**WHAT YOU SHOULD DO**
Only the lines from the line containing "A close up of" through the final line of the entries should be printed, exactly as given, with the pictures left out.

**STORED DATA**

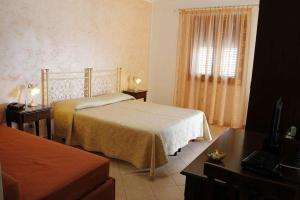 a hotel room with a bed and a window at Abbadia in San Vito lo Capo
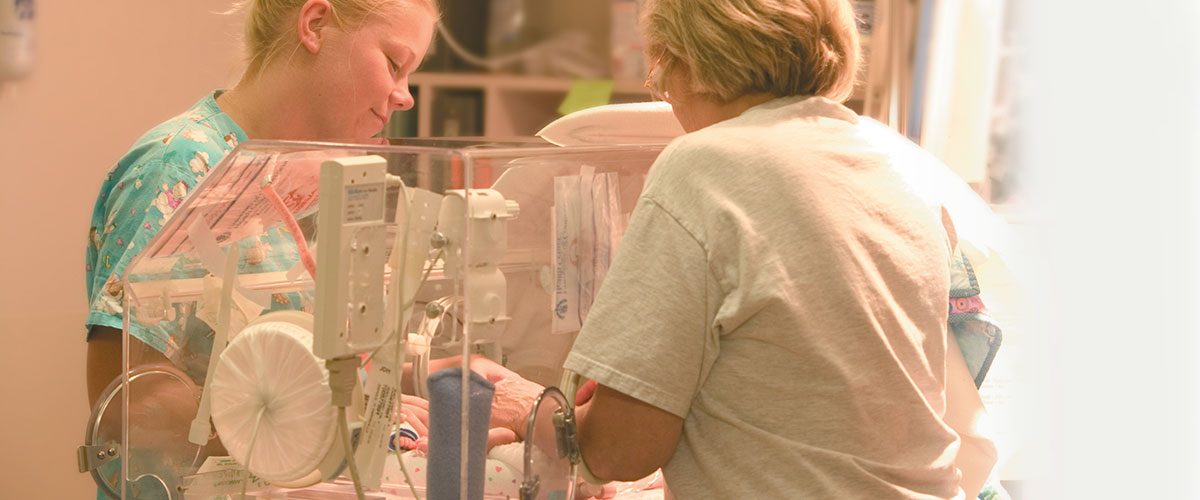 Nursing staff cares for NICU baby 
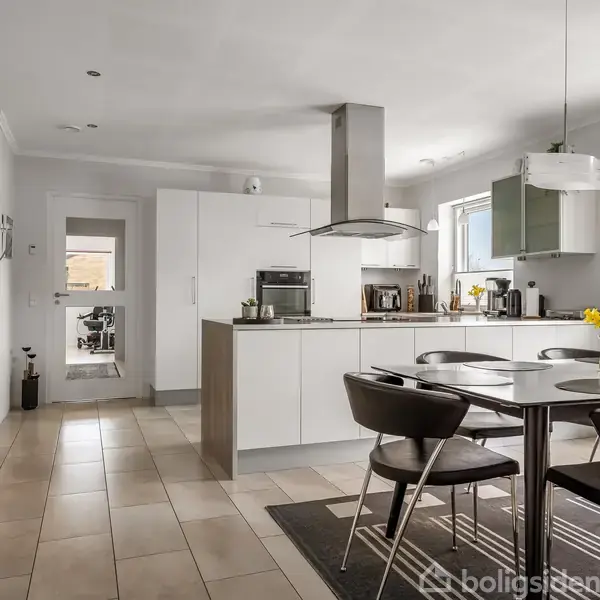 Køkken med moderne, hvidt interiør, indeholder et spisebord med fire stole, blomster på bordet. Åben layout med vinduer, lysindfald og en ø i midten.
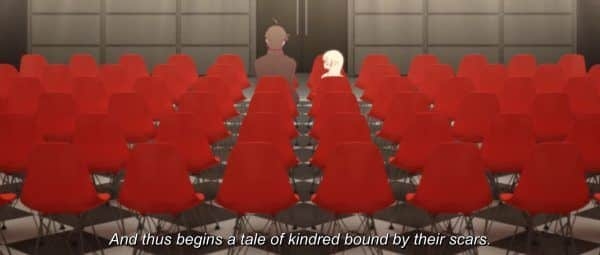 Araragi and Kiss-Shot seated in an empty auditorium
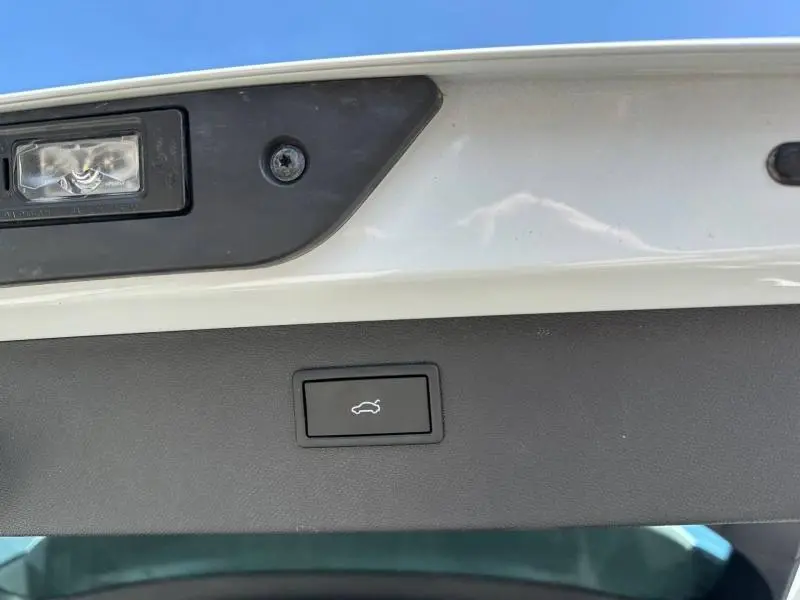 Gros plan sur le bouton d'ouverture électrique du coffre, intérieur de la malle arrière d'une CUPRA Formentor noir Minuit.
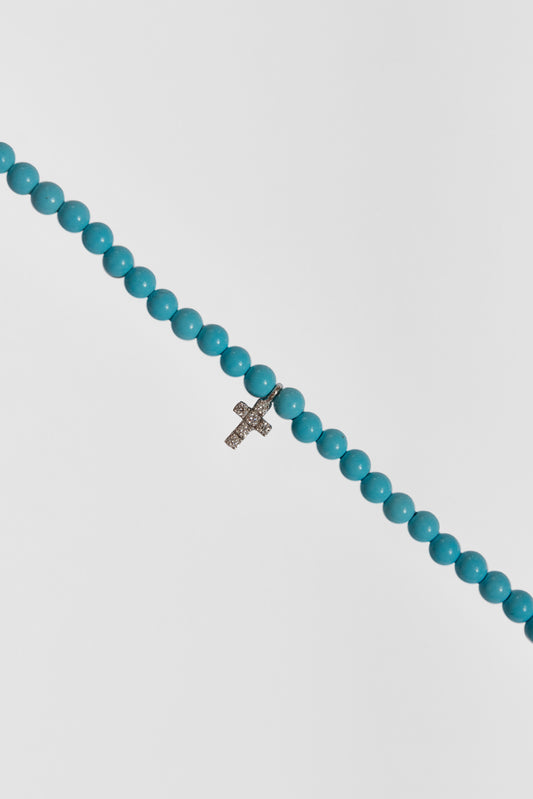 turquoise choker with big white gold diamond cross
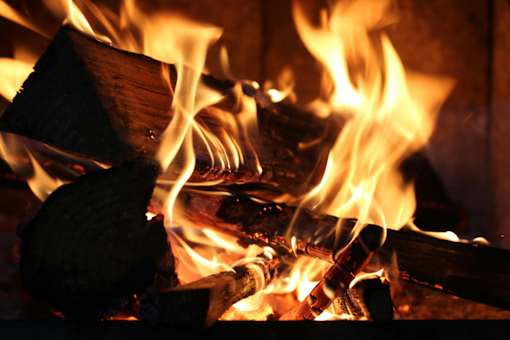 A close up of a fire with flames and burning wood.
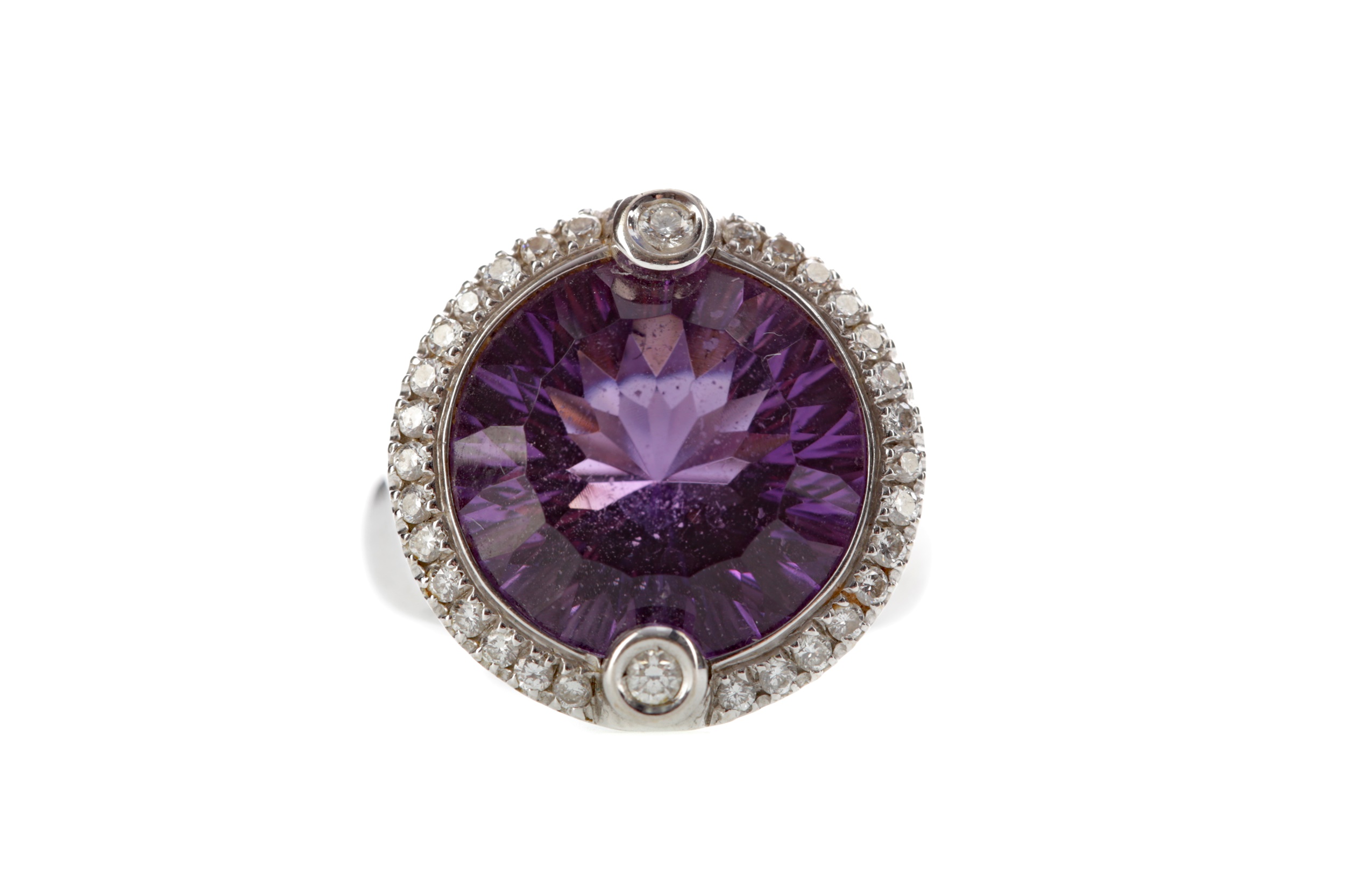 AN AMETHYST AND DIAMOND RING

**RESULT FOR THIS TASK**
 A close up of a fire with flames and burning wood.
 AN AMETHYST AND DIAMOND RING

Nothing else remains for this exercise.